Previamente, El Mesías había sido adaptado a la escena por Claus Guth –lo hizo en 2012 en Viena, coincidiendo con el 250º aniversario de la obra–, así que no era una misión imposible. Pero sí un trabajo delicado, ya que implica tomar decisiones artísticas arriesgadas, lo que no deja de ser la manera habitual de trabajar de Robert Wilson. Su carrera cubre ya más de 50 años de trabajo, y hay una serie de hilos conductores que se han mantenido constantes: a Wilson le gusta trabajar en espacios escénicos estáticos, con una paleta de colores predefinidos y un uso de la luz sin tonos intermedios, ya sea bañando por completo la escena o manteniéndola en una inquietante semioscuridad, y la gestualidad de los cantantes muchas veces se acerca a la mímica, incluso al estatismo escultural en la línea de las estatuas humanas de Gilbert & George, o explorando formas de teatro oriental como el kabuki o el noh japonés.

Cuenta Wilson que su manera de disfrutar de la música es con los ojos cerrados y, aunque pueda parecer algo paradójico en un director de escena, su idea del escenario perfecto sería aquel que estuviera completamente vacío y a oscuras.

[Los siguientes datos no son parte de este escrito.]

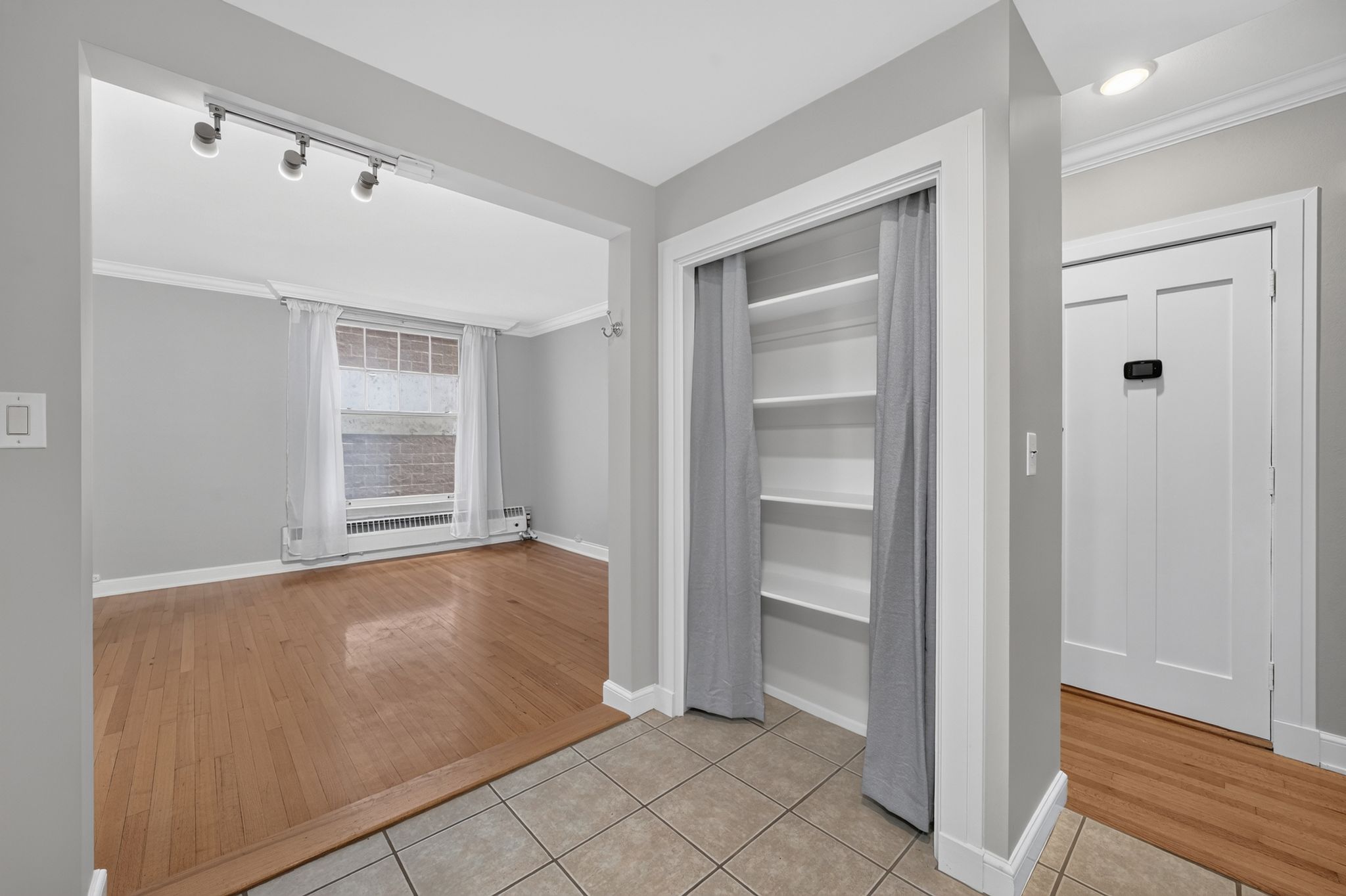 Entryway featuring ceramic tile flooring, a built-in shelving unit with curtain closure, and a paneled interior door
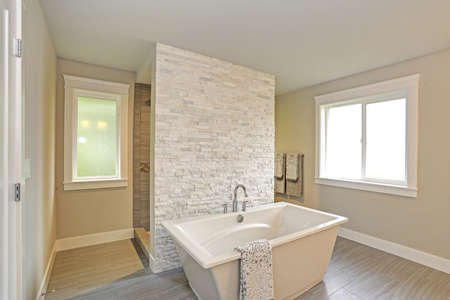 Amazing master bathroom accented with stone wall walk-through shower and freestanding bathtub over...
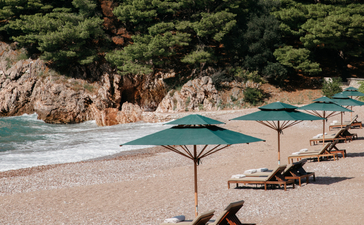 Sunlit beach at Aman Sveti Stefan with loungers beneath parasol, turquoise waters and rocky cliffs beyond.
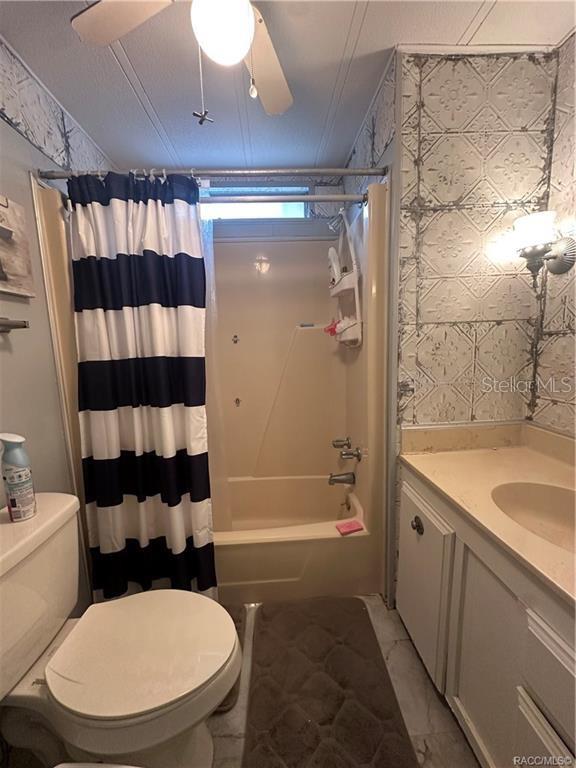 4010 East Dandy Loop Hernando, FL 34442 - Photo 11 of 30 a bathroom with a sink a toilet a shower and a mirror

Pero como es preciso que en el escenario haya algo, él opta por crear marcos estáticos con una luz envolvente en la que los acontecimientos se suceden con la mayor economía de movimiento y acción. Esta manera de trabajar es ideal para El Mesías, una obra dramática sin acción ni historia, y en la que cada número –que reproduce textos proféticos de la Biblia o versículos de los Evangelios– es más un mensaje que una narración. Así, Wilson ha concebido una sucesión ininterrumpida de escenas con intención inmersiva en la que cada aria, recitativo o coro nos muestra a los cantantes caracterizados con ropas de tonos grises, envueltos en una luz celestial, y realizando acciones aparentemente arbitrarias: deambulan por escena, se mueven en barca, portan objetos. Así, la ausencia de acción no distrae de la ejecución musical, que hace que la grandeza de la partitura de El Mesías brille completamente. Los principales recursos escénicos para mantener la atención, de hecho, son el uso de los vídeos compuestos por Tomasz Jeziorski, y la presencia de un bailarín, Alexis Fousekis, que se convierte en el dominador del espacio en momentos culminantes como el coro del Hallelujah.

Para Robert Wilson, la escenificación de El Mesías debe cumplir un objetivo: transportar al espectador a un viaje espiritual que vaya más allá de cualquier religión oficial. Aunque es una de las obras principales de la música en la tradición cristiana, Wilson pretende que, sin renunciar a toda la simbología bíblica, este Mesías también emocione y llene de luz a públicos que no participen de una fe concreta. La fuerza de la música de Händel, que oscila entre la lentitud humilde y la victoria gloriosa, puede ir más allá de la representación del anuncio, la llegada, la muerte y la resurrección de Jesucristo, y apelar a otros anhelos colectivos de plenitud. En conjunto, la versión de Wilson termina siendo apasionante: número tras número, este Mesías es una experiencia transformadora gracias al poder de la música, la fuerza de la imagen y la interpretación abierta, universal, de su mensaje de esperanza.